*What is needed*
Pull out every line from the line containing "Here is a summary" through the end of the material, both ends included, and reproduce it exactly. Keep pictures out.
(Data extracts Opens)
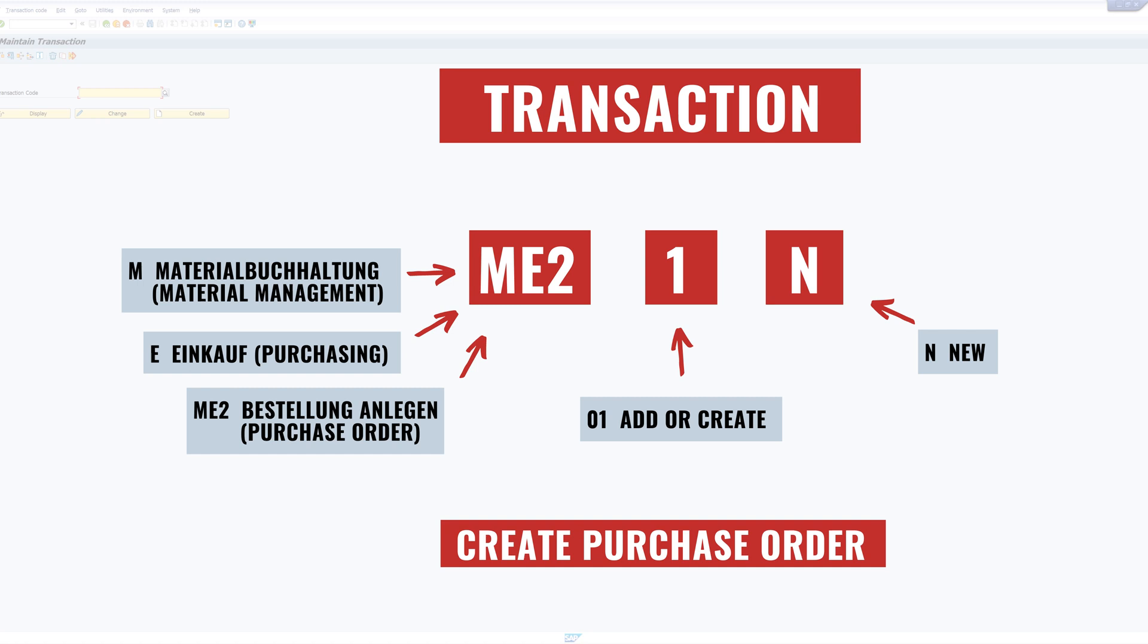So, I hope the short video could now contribute something to the clarification about transactions in SAP. See you soon.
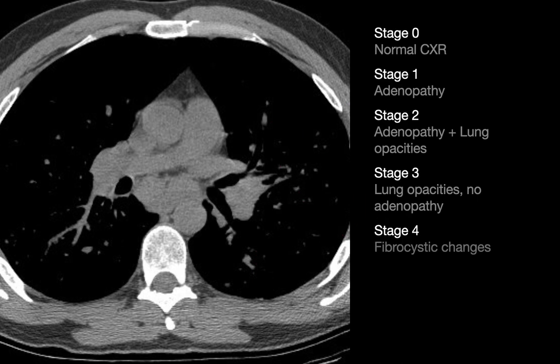Here is a summary of the stages of radiographic sarcoidosis. Stage 0 is a normal chest x-ray. Stage 1 is just lymphadenopathy. Stage 2 is lymphadenopathy and lung opacities, probably referring to nodular pattern findings — perilymphatic or bronchovascular — and maybe reticulation. Stage 3 is lung opacities but no lymphadenopathy. Stage 4 is end-stage fibrocystic changes.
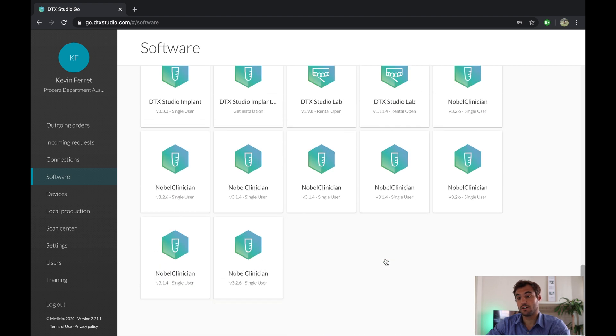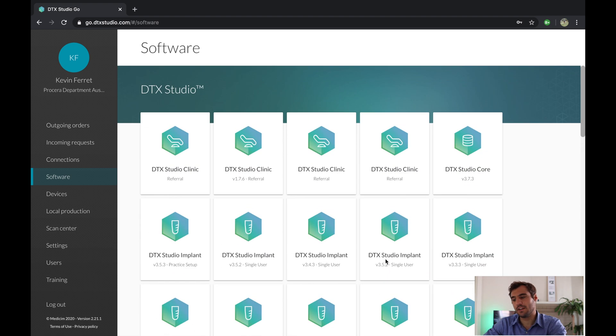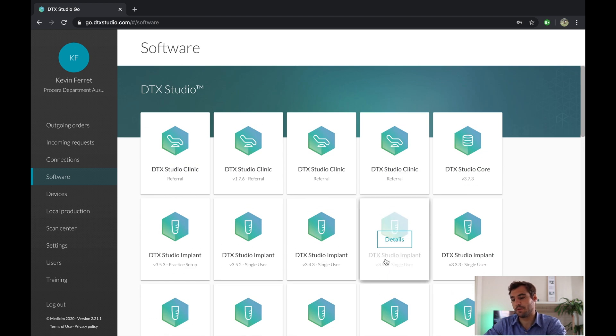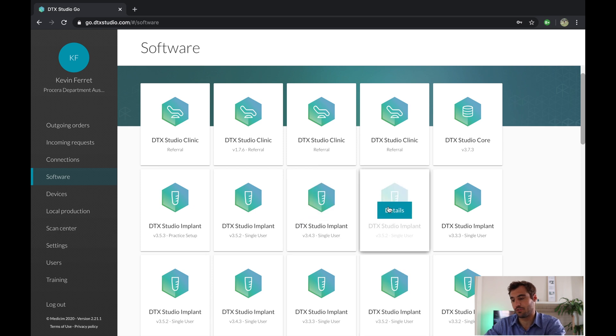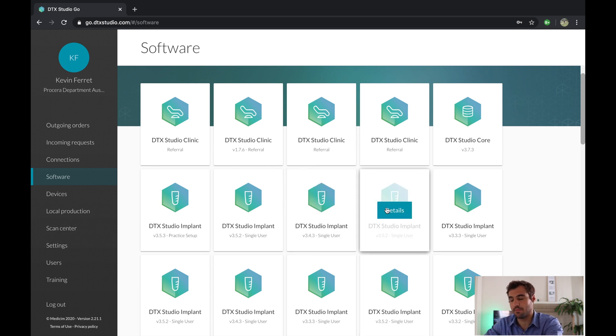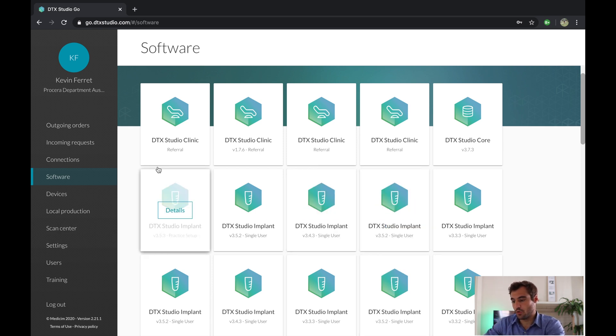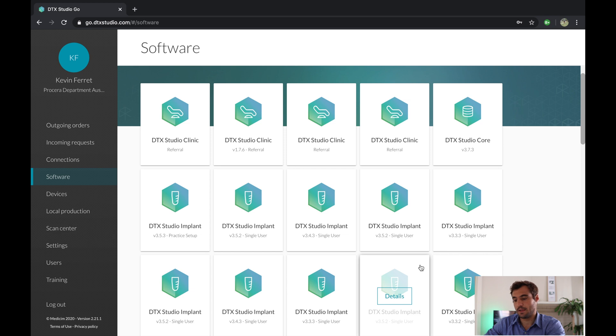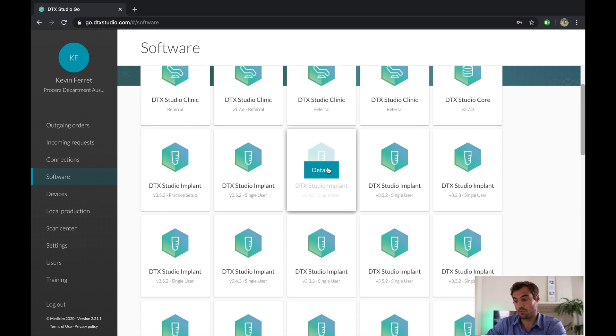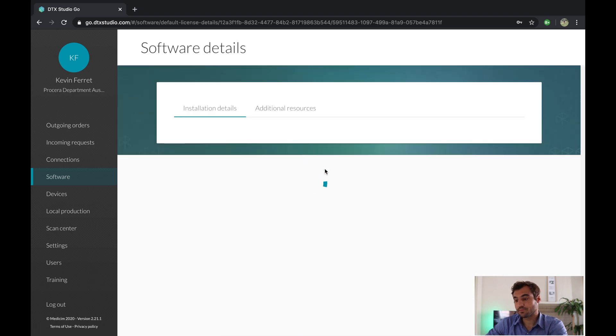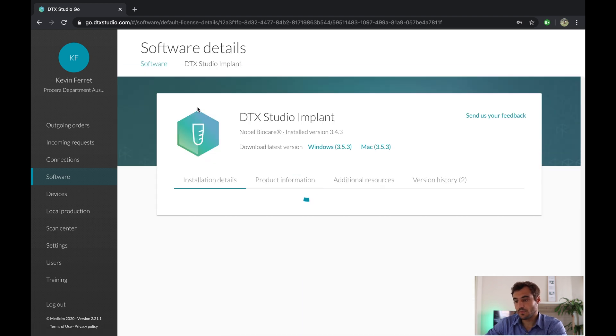We're going to go straight to software. This is the list of software we have. Because I'm obviously part of the procedural department in Australia, I have access to all of them. But what you want to do, you want to look for your DTX Studio Implant software, the viewer one, and make sure it's a software one. Click on details.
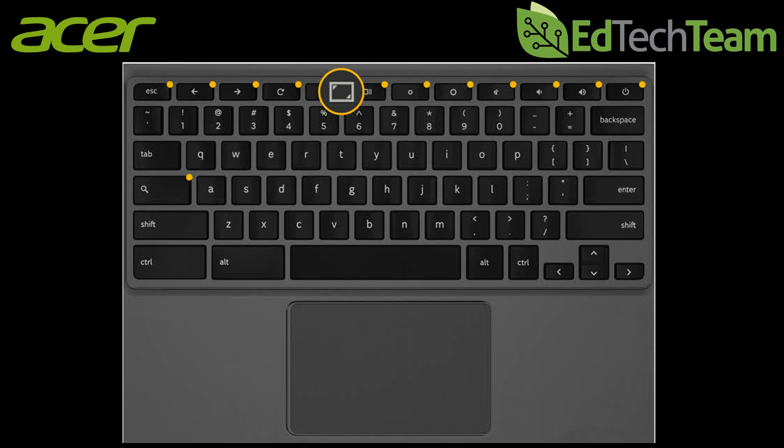A button to make any page you're on full screen and the show all windows button that will show you all the current windows you have open.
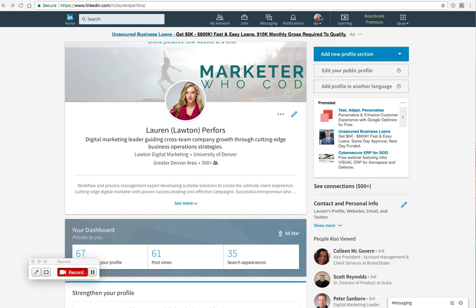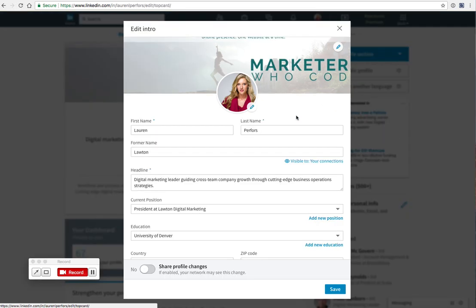If you're logged in, then you'll go down to your profile and on the right hand side, select the blue pencil. Then on the top right, select the blue pencil again.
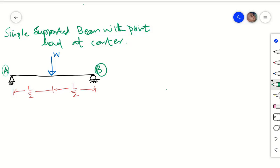Hi, welcome back. In this short video, I will show you how to find out the shear force and bending moment diagram of a simply supported beam having a point load applied at the center. We will find out the equations for the shear force and bending moment for different portions of this beam, and then plot the diagrams.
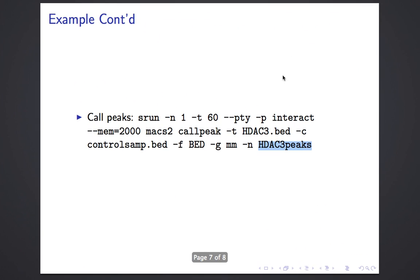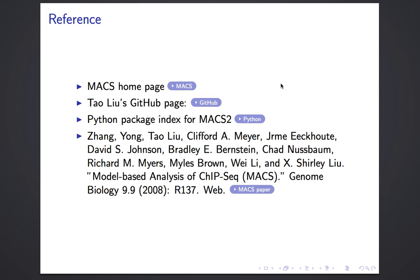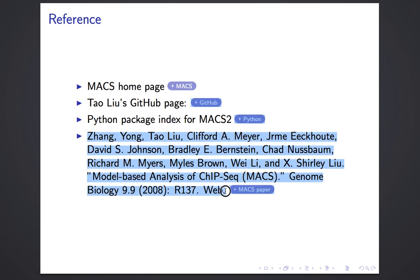That's a brief example of using MACS to conduct ChIP-seq data analysis. To learn more, you can go to the MACS homepage, Taoliuu's GitHub page shown earlier, or the Python Package Index for MACS2. There is also a paper describing the MACS package, which is very useful reading if you plan to use MACS for further ChIP-seq analysis.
(Data extracts Closes)
*Result below*
Here is a summary of the stages of radiographic sarcoidosis. Stage 0 is a normal chest x-ray. Stage 1 is just lymphadenopathy. Stage 2 is lymphadenopathy and lung opacities, probably referring to nodular pattern findings — perilymphatic or bronchovascular — and maybe reticulation. Stage 3 is lung opacities but no lymphadenopathy. Stage 4 is end-stage fibrocystic changes.
We're going to go straight to software. This is the list of software we have. Because I'm obviously part of the procedural department in Australia, I have access to all of them. But what you want to do, you want to look for your DTX Studio Implant software, the viewer one, and make sure it's a software one. Click on details.
A button to make any page you're on full screen and the show all windows button that will show you all the current windows you have open.
If you're logged in, then you'll go down to your profile and on the right hand side, select the blue pencil. Then on the top right, select the blue pencil again.
Hi, welcome back. In this short video, I will show you how to find out the shear force and bending moment diagram of a simply supported beam having a point load applied at the center. We will find out the equations for the shear force and bending moment for different portions of this beam, and then plot the diagrams.
That's a brief example of using MACS to conduct ChIP-seq data analysis. To learn more, you can go to the MACS homepage, Taoliuu's GitHub page shown earlier, or the Python Package Index for MACS2. There is also a paper describing the MACS package, which is very useful reading if you plan to use MACS for further ChIP-seq analysis.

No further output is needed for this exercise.